In any case, i'm sure the number of activations of older licenses drops off precipitously with time. The number of people who keep older versions running quickly thins out. On the other hand, i too like SIREN. It was discontinued probably 12+ years ago. A few years back i wanted to do a reinstall. It was old enough that the licensing update patch didn't work. I called customer service, and within about 30 seconds they gave me a new key that worked.
And, if you're worried about the 5 year time limit affecting ACID Pro 7 ... i just did a reinstall of that last week and had no trouble activating it online automatically.
>>>"Based on the link in the original post, I don't see anything about 5 years..."<<<
When I gave the link in the original post (6/20/2016 1:20:56 AM, EEST), the FAQ/KB item did include the text "Older versions will be active-able for 5 years etc.", which of course prompted me to start the topic.
As MAGIX_Eric D said in his post (Date: 6/21/2016 1:15:25 AM, EEST), he changed the text later NOT to include this (i.e. "for five years"). To confirm, read the thread and Vocalpoint's early response, which quotes the original text from the original link, and e.g. the balazer post just above the jetdv post. Note also the time the FAQ was updated ("Updated 06/20/2016 05:10 PM, EEST").
edit: I've now added a screenshot of the original text to my first post in this thread.
OP must have wrong information and still no evidence to back it up. Magix not allowing older activations is burning a bridge, not building one.
They bought Yellow Tools software and it can still be activated.
I just don't see the upside of them doing this,. The downside is the potential for cracked software, serial keys to spread on the net.
There's enough competition out there where this kind of policy ends up on the black list of users.
As I was the OP, the information was correct at the time I started this thread.
See the initial post, which now includes a copy of the original text.
Did kitekrazee even read this thread and the post from MAGIX_Eric D??
When I update that workstation to Win7Pro might be a good time to update to the latest working version of Vegas, whatever that is.
I have learned one lesson. If you build a workstation with the best and fastest parts available at the time, it will never go obsolete. Ten years later its still awesome. But the software sure will obsolesce.
I don't really have a problem with software that needs to "phone home" once for activation (and limits the number of activations without calling the vendor to get the number adjusted). That helps cut down on the "escaped" serial number that gets passed around to hundreds of people. I don't like the ones that have to "phone home" each time they start or every month etc. and I am NOT going to support Adobe and others with their subscription/ransom model.
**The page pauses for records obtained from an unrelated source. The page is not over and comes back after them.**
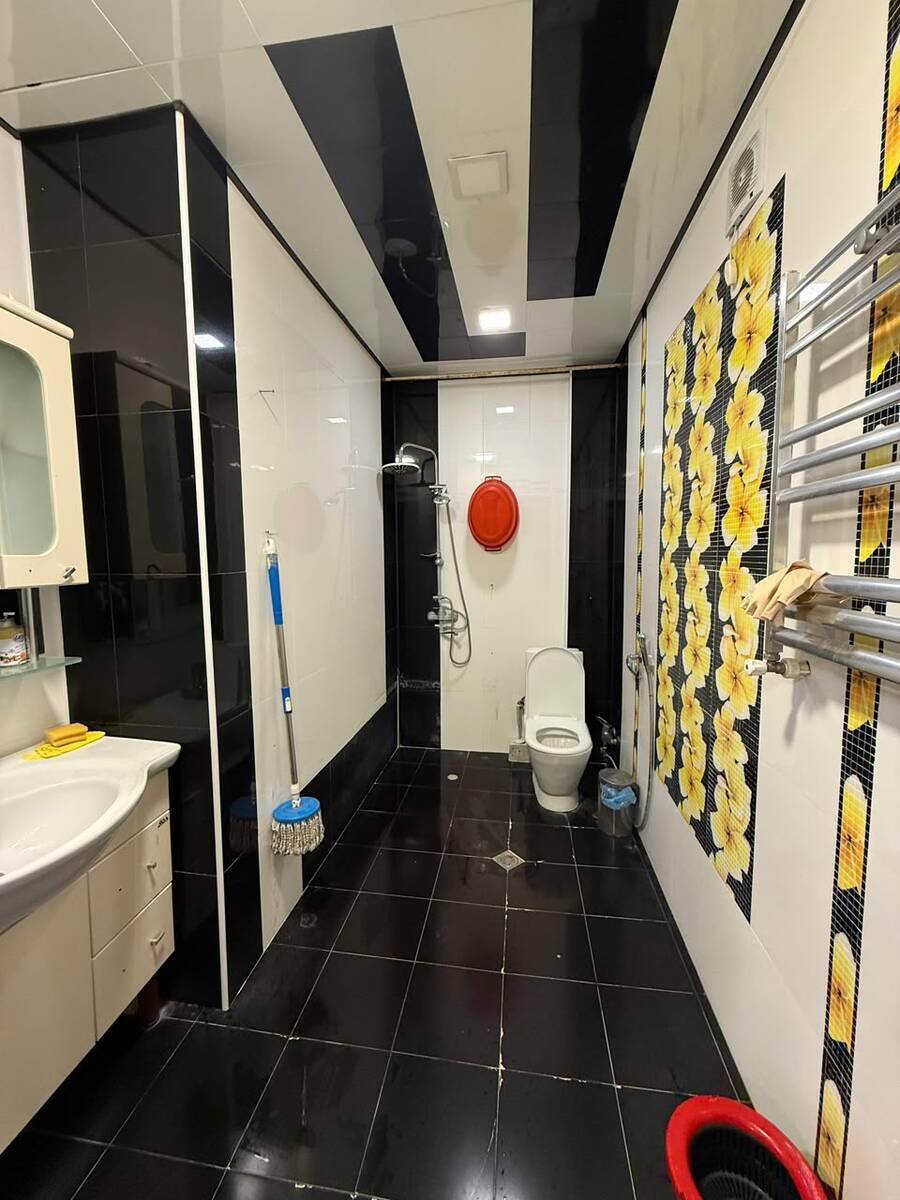 Satılır 3 otaqlı yeni tikili 101 m² — Mənzil, Bakı (11)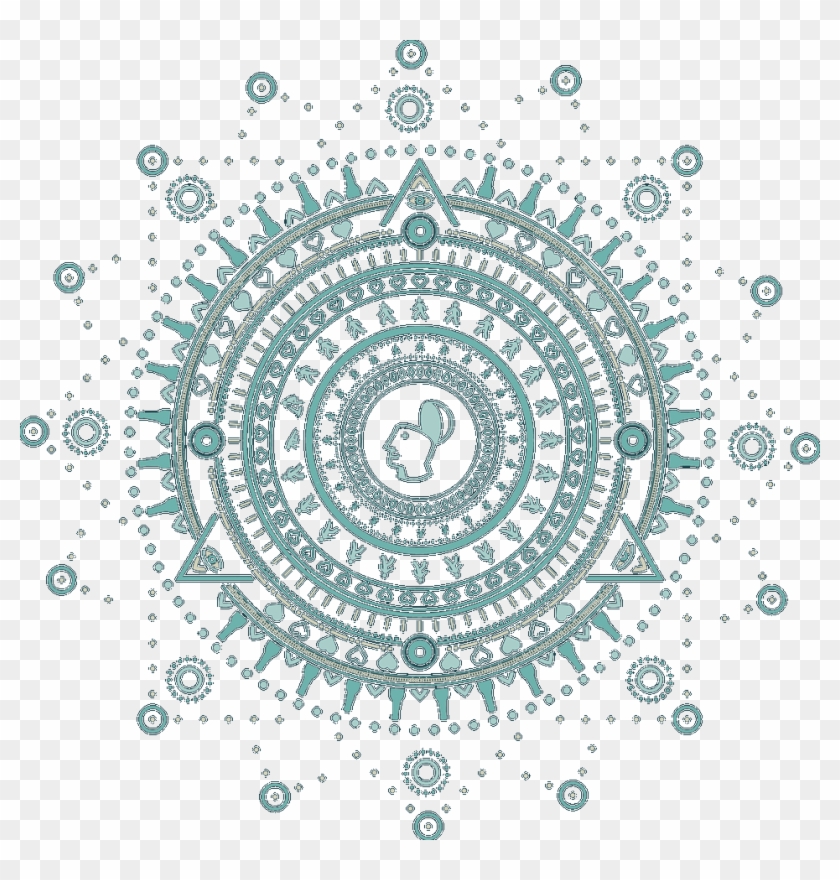 Oval Chainring Tt 56 Wide Narrow Clipart #1553674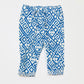 Light cotton pants - Size 1
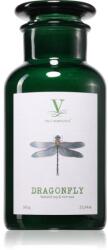 Vila Hermanos Talisman Dragonfly illatgyertya 500 g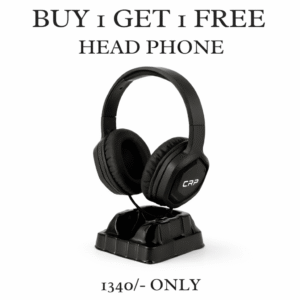 HEAD PHONE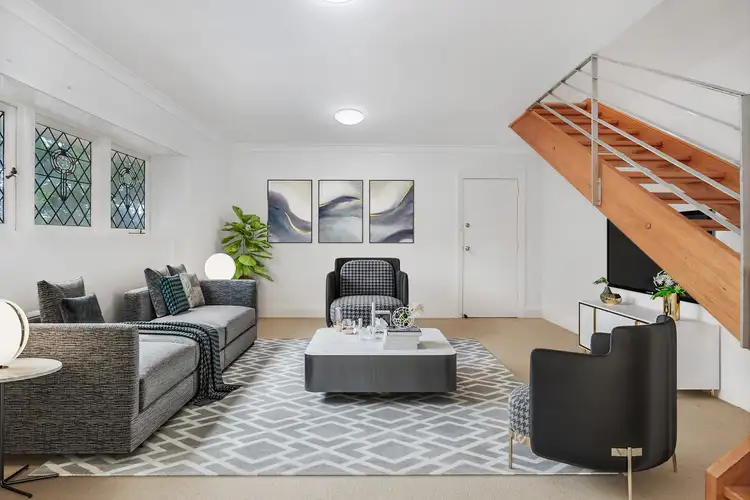 6/25 Mulwarree Avenue, Randwick NSW 2031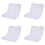 4X 24 Compartimenten Plastic Box Case Sieraden Bead Storage Container  Organizer 1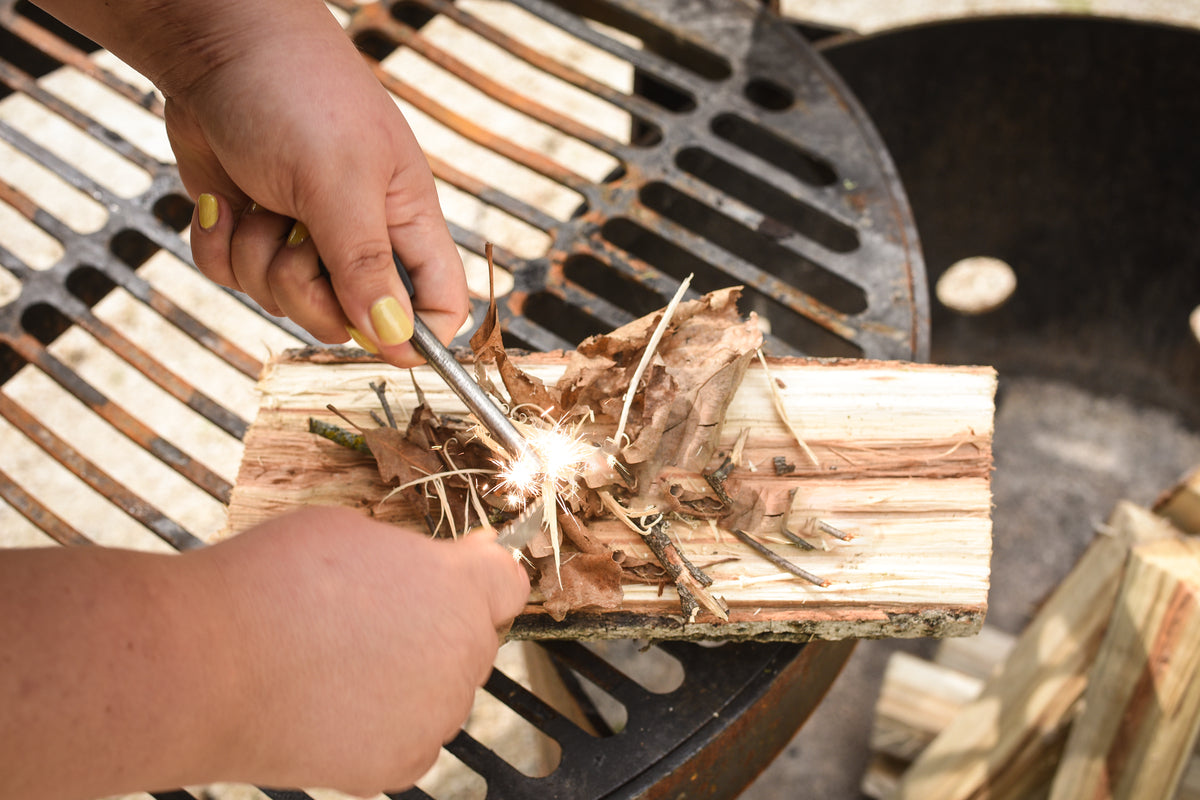 Coghlan's Flint Striker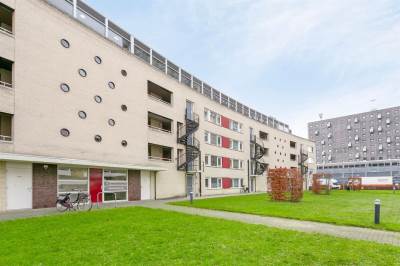 Woning Boksdoornerf 104 Tilburg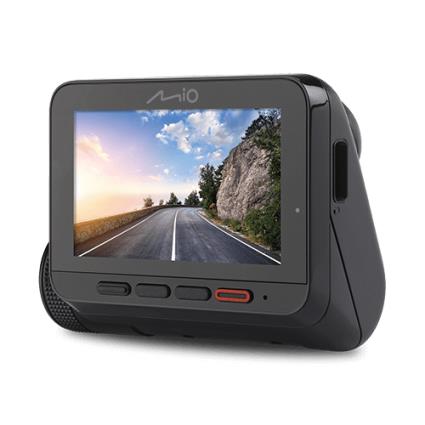 MiVue 846, Full HD, 1920 x 1080 pixels, 150°,.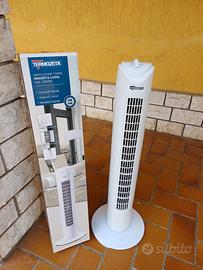 ventilatore a torretta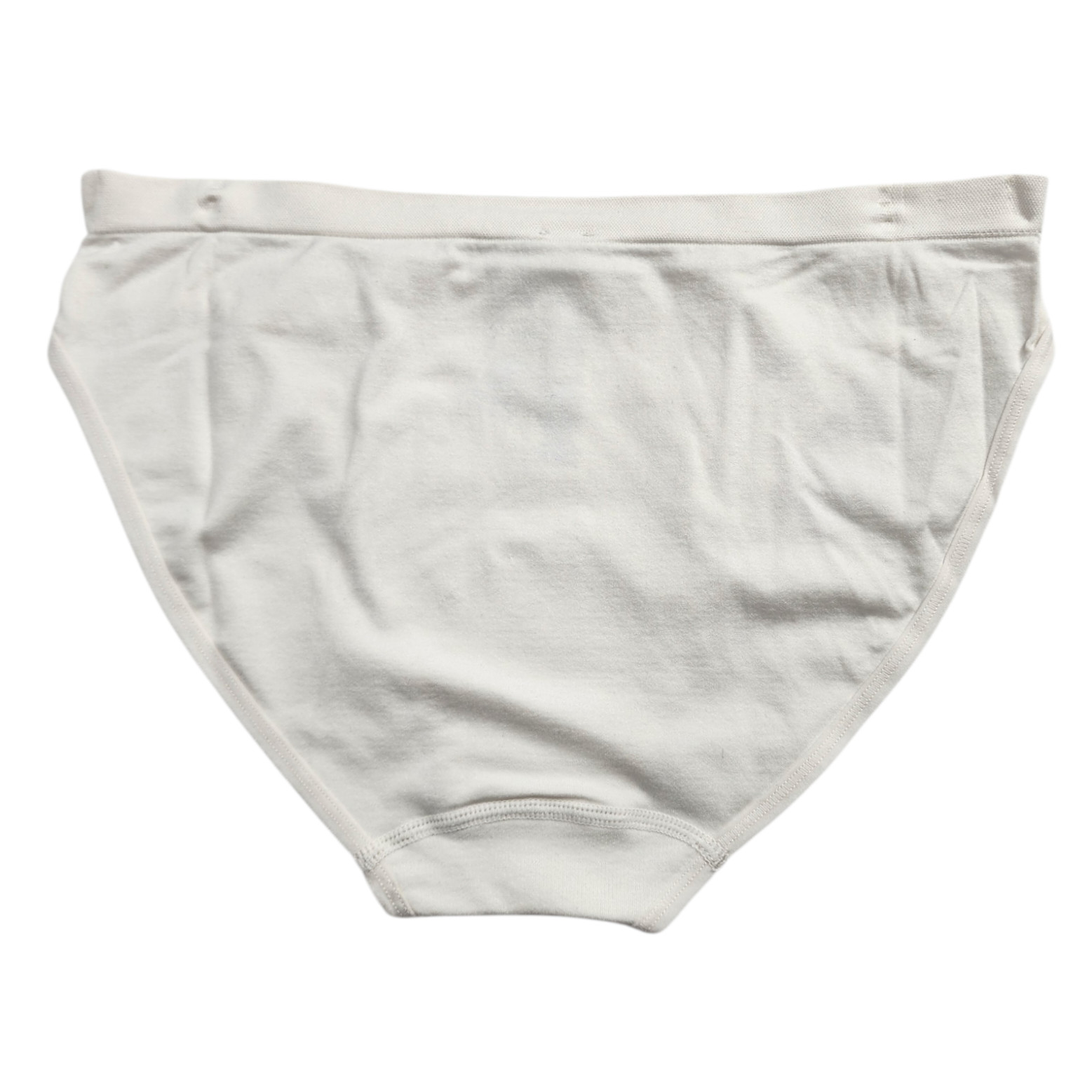 M&S COLLECTION 3pk High Leg Seamless Knickers Womens Underwear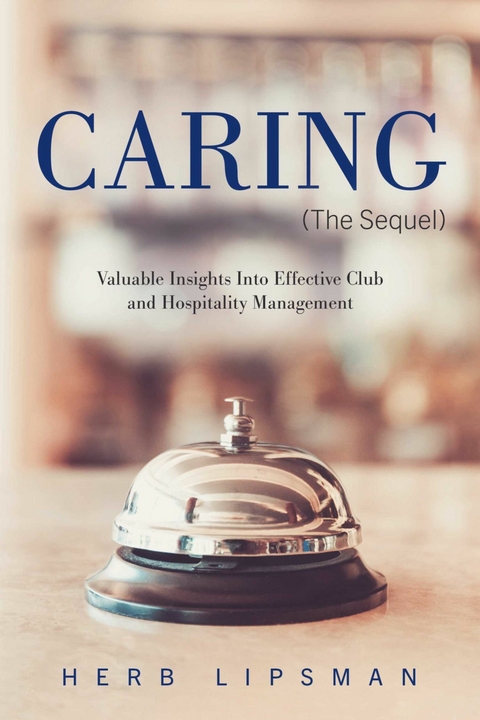 Caring (The Sequel) -  Herb Lipsman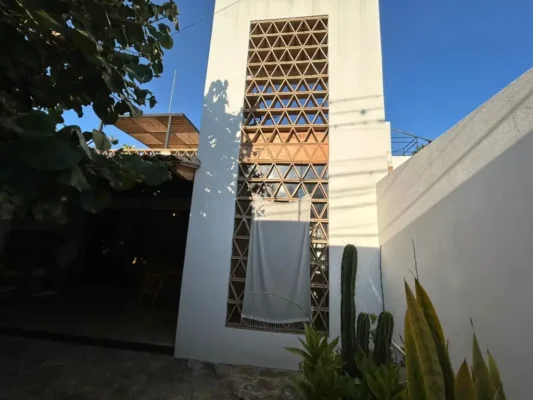 LOFT FOR SALE IN LA CASCADA OAXACA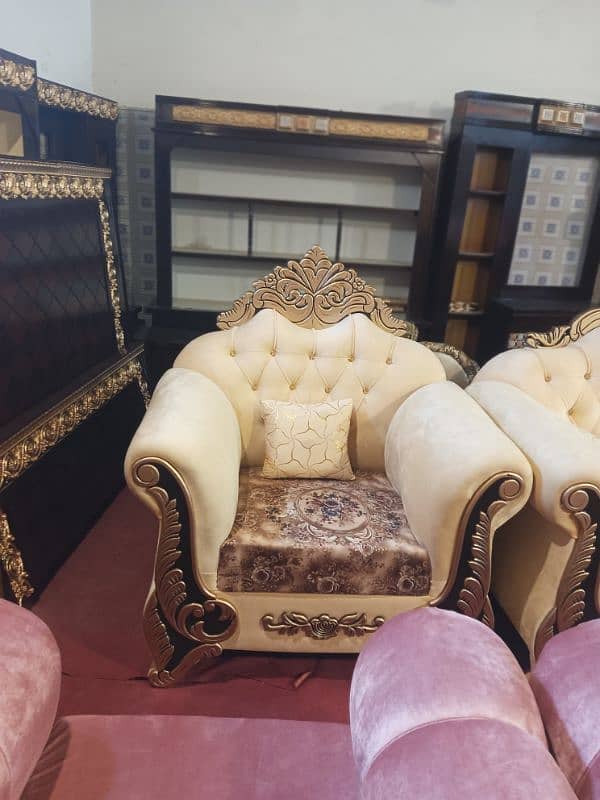 6sitar sofa set 2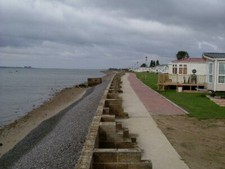 Photo 6x4 Coopers Beach East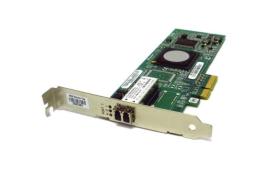 Сетевой Адаптер Dell QLE2460-DELL PCI-E4x Сетевой Адаптер Dell QLE2460-DELL PCI-E4x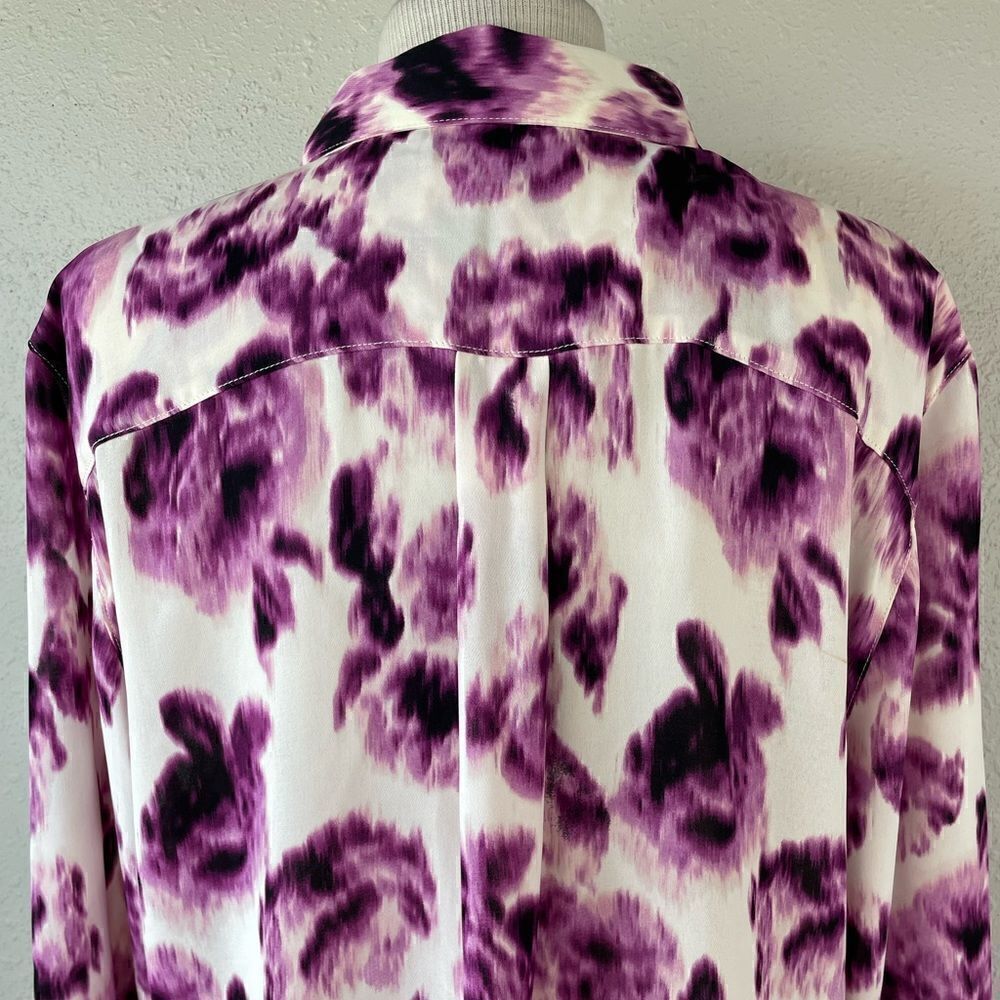 Covington Essentials Button Down Shirt Size XL EUC - Picture 6 of 8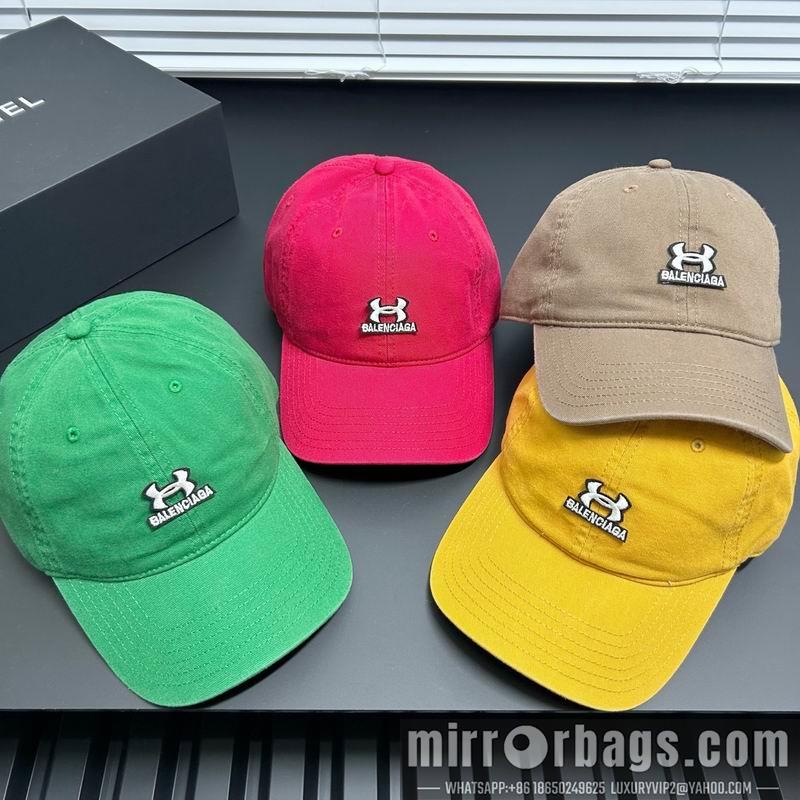 Balenciaga Hat dx11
CS6 is my last Adobe purchase (I have purchased about 5 versions previous to that as upgrades). I realize you can't do much about the determined pirates, but controlling the number of activations for a given serial number is not that intrusive and I can certainly understand the vendors concern. There definitely is a problem determining that point between pissing off the loyal, legitimate customers and slowing down the pirates (you will never stop them).
My guess at the reason behind this is that the older software is looking at sonycreativesoftware.com (or similar Sony domain name) and Sony doesn't want to commit to more than 5 years of forwarding registration requests to Magix. Likewise neither Sony nor Magix wants to patch those really old applications.
The really old stuff I can sort of understand, but I will be disappointed if Magix doesn't release a patch or something for the latest versions each branch such as ACID, DVD Architect, Sound Forge and Vegas.